Running virtual machines
Version 5.0 is pretty decent. It is faster, unless you use encryption, and it comes with some extra extra perks. For instance, you can decide how to run your virtual machines, with a normal windowed interface, a detachable interface, or headless, in which case, you will connect to your hosts using SSH or similar. And if you are using the aforementioned encryption, you will be asked to provide the right password before the system boots.
I have to say I am highly pleased with VirtualBox 5.0. It surpassed my expectations, and the new features are really impressive. Visible and invisible improvements make this program that much more relevant and useful, and it is great to see some honest pressure from the competitors translate into a better, more streamlined product. After all, this is what free market is supposed to be. Any great technological advancement from the likes of Docker, KVM, Hyper-V, VMware, and friends will ultimately benefit VirtualBox, and on the far end, the users themselves.

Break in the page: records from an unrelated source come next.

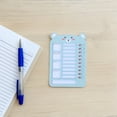 thumbnail image 4 of 1Set Task Board Childrens Reward Cards Blue Cardstock Interactive Daily Routine Tracking Wall Mounting, 4 of 8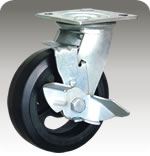 3B系列重型-活动式/固定式脚轮  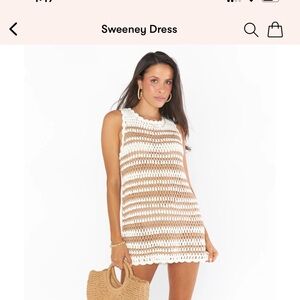 NwT Show me your Mumu Sweeny Dress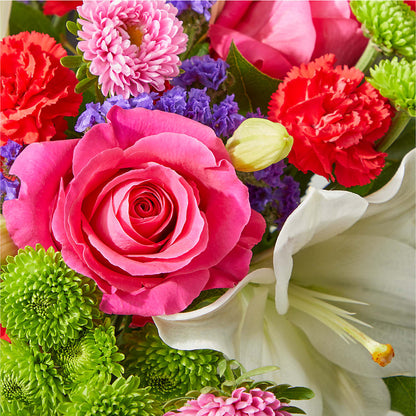 Quality Time Bouquet – LULU & J FLOWERS, Orange CA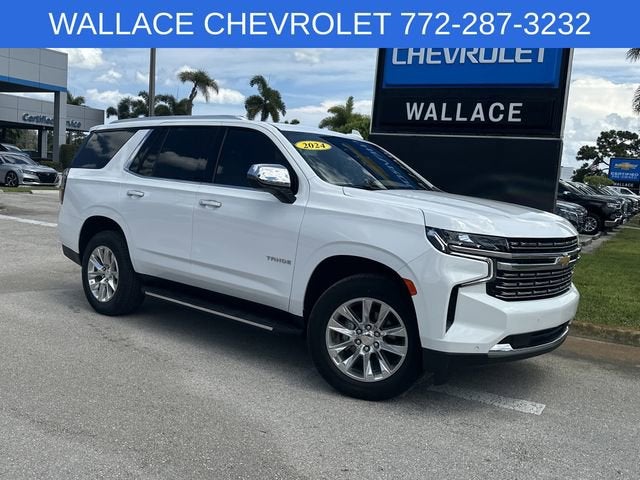 2024 Chevrolet Tahoe Premier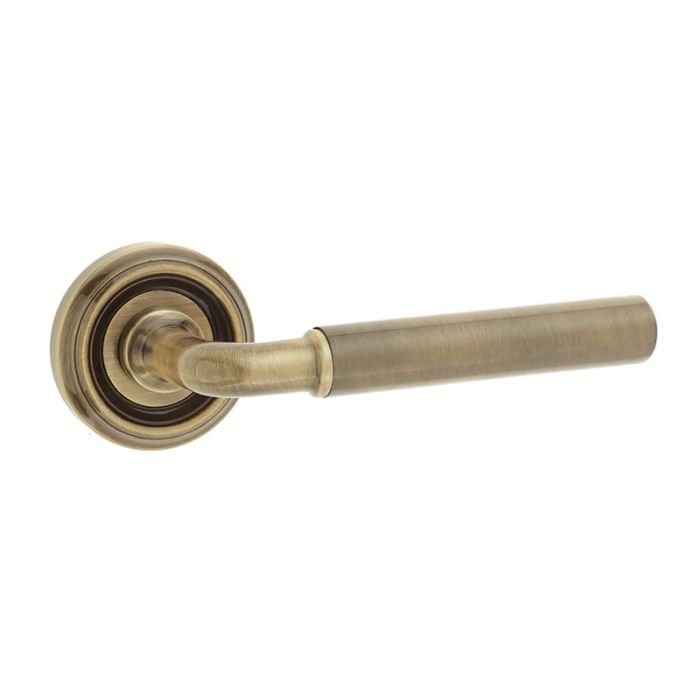 Frelan Jedo Elise Door Handle on Rose - Pair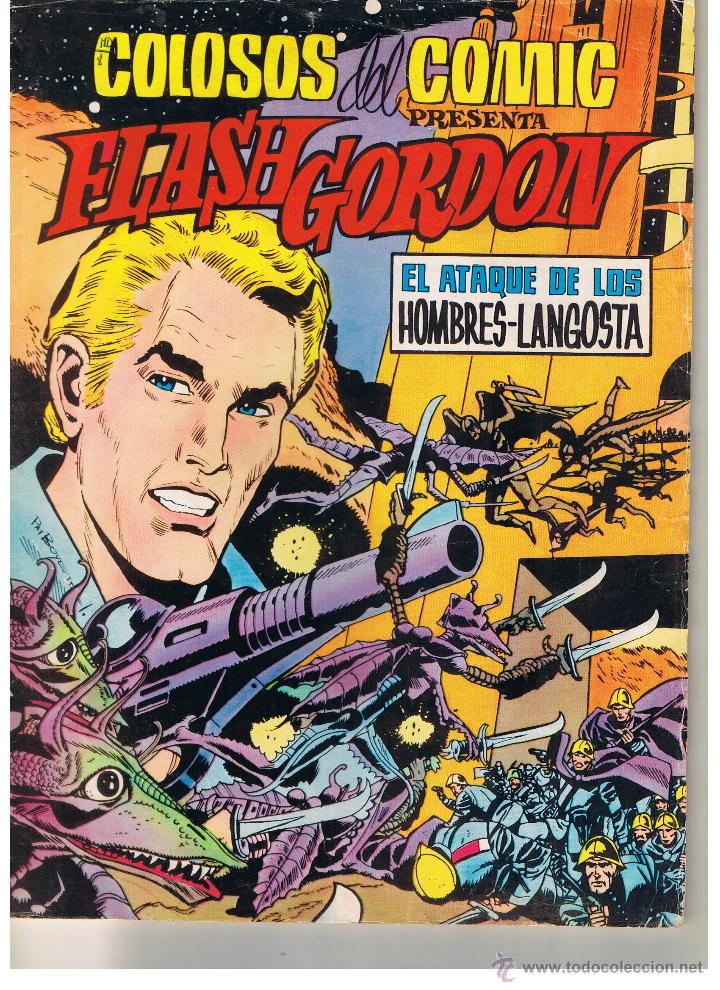 Tebeos: FLASH GORDON. NUMERO 8. VALENCIANA 1979 - Foto 1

But even if we ignore the winds of change, VirtualBox 5.0 does its job exceptionally well. Stable, fast, feature rich, and practical, with great additions that make both home and work use more efficient and elegant. Paravirtualization is probably the most important server-side change, whereas home users will be delighted by USB 3.0 support. For free, mind. In both camps, security conscious folks will adore the extra few seconds of boot time it takes to decipher the encryption keys. All in all, an excellent mix of solid, down-to-earth fixes and changes, a refreshing comeback to the virtualization arena.